Son günlerde herkesin birbirine sorduğunu ben de size sorayım: 'Ne olacak bu işin sonu?' Olayları halkın büyük çoğunluğunun gözüyle göremeyen 'görme engelliler', hayal güçlerine göre, tahminleriyle temennilerini birbirine karıştırarak neler yumurtluyorlar, bir bilseniz... 'Bu bir halk isyanı' imiş; 'Türk Baharı' yaşanacak ve yönetim değişecekmiş; 'Tayyip gidici' imiş; 'AK Parti artık iktidara gelemez'miş; bunun sonunda 'iç savaş' çıkarmış; Bizans'taki 'yeşiller' ile 'maviler' gibi halkımız birbirine girermiş...
Bu lâfları duyunca hayretler içinde kalıyorum. Herifçioğulları gösterilerde biber gazı yemiş Reuters muhabirine benziyorlar. Bu halkı, bu milleti hiç mi tanıyamamışlar. İşte CHP'nin sittin sene iktidara gelemeyişinin altında da bu yabancılaşma yatıyor.
***
Son aylarda
Başbakan Erdoğan, çok büyük bir siyasî risk alarak
'görüşme süreci'ni başlattı. Aslında bu sürece, daha önce 1,5 yıl boyunca yürütülen etkin terörle mücadele sayesinde ulaşılmıştır. Bu süreçte, zaman ayarlaması, silâhların bırakılmaması, teröristbaşının muhatap alınması ve ana seçmen kitlesinin rencide edilmesi bakımından önemli hatâlar yapılmıştır. Bu yüzden inşaallah korktuğumuz başımıza gelmez. Bu tenkitlerimize rağmen, son aylarda terör saldırılarının durduğu ve kanın akıtılmadığı da sevindirici bir olgudur. Lâkin, bu başarıya rağmen,
AK Parti'nin özellikle ilk yapılacak olan mahallî seçimlerde oy kaybına uğrayacağı tahmin edilebilecektir.

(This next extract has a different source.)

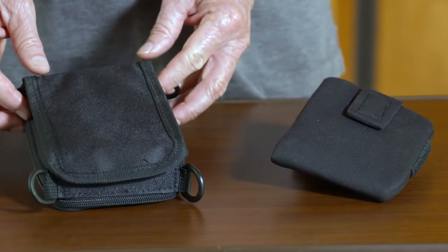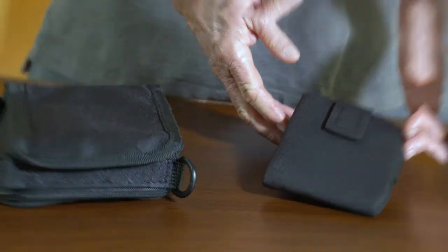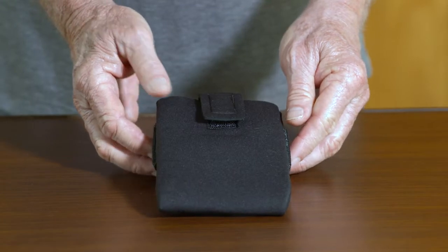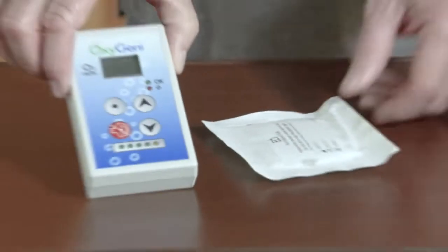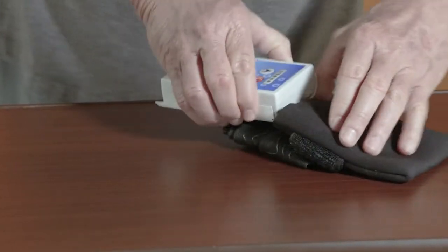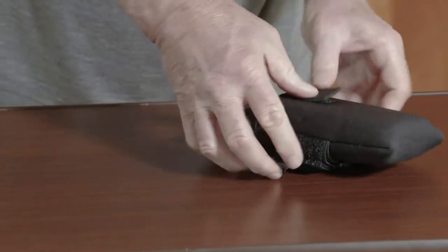The two cases are the universal carrying case and the arm leg strap carrying case. Let's take a look at the arm leg carrying case. Unfasten the small velcro strap at the top of the case, then slide the Oxygeni and Humidikant pack into the case and fasten the velcro strap over top of the Oxygeni.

Ancak, artık kimler ve niçin tertip edildiği ortaya çıkan
'Gezi Parkı' olayları, tamamen ters tepmiş; hattâ görüşme süreci sebebiyle oy kaybına uğrayan
AK Parti'nin oylarını yeniden arttırmasına vesile olmuştur. Milletin büyük çoğunluğu
Recep Tayyip Erdoğan'a yöneltilen haksız ve çirkin saldırıların farkındadır ve
Başbakanlarının Orta Doğu'daki diktatörlerin yerine konulmasından hoşnut değildir.
Üstelik bu tertipler,
Türkiye'de antidemokratik vesayetlerin kaldırıldığı, uluslararası finans kuruluşlarının birbiri ardından
Türkiye'nin notunu yükselttiği; yarım asırlık
İMF borçlarının tamamen ödendiği ve
Türkiye'nin yıldızlaştığı bir dönemde yapılmaktadır.

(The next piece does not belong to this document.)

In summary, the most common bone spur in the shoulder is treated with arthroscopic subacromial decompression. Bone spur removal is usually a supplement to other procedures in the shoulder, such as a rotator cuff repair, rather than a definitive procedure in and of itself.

Türk Milleti, iki ağaç kesildi diye yakan, yıkan, yaralayan, öldüren;
Apo'nun, komünist teröristlerin ve
Türkiye düşmanlarının bayraklarını, afişlerini ve posterlerini
Atatürk Kültür Merkezi'ne ve
Taksim Âbidesi'ne asan şehir eşkiyasının ve şiddet eylemcilerinin peşine düşmez.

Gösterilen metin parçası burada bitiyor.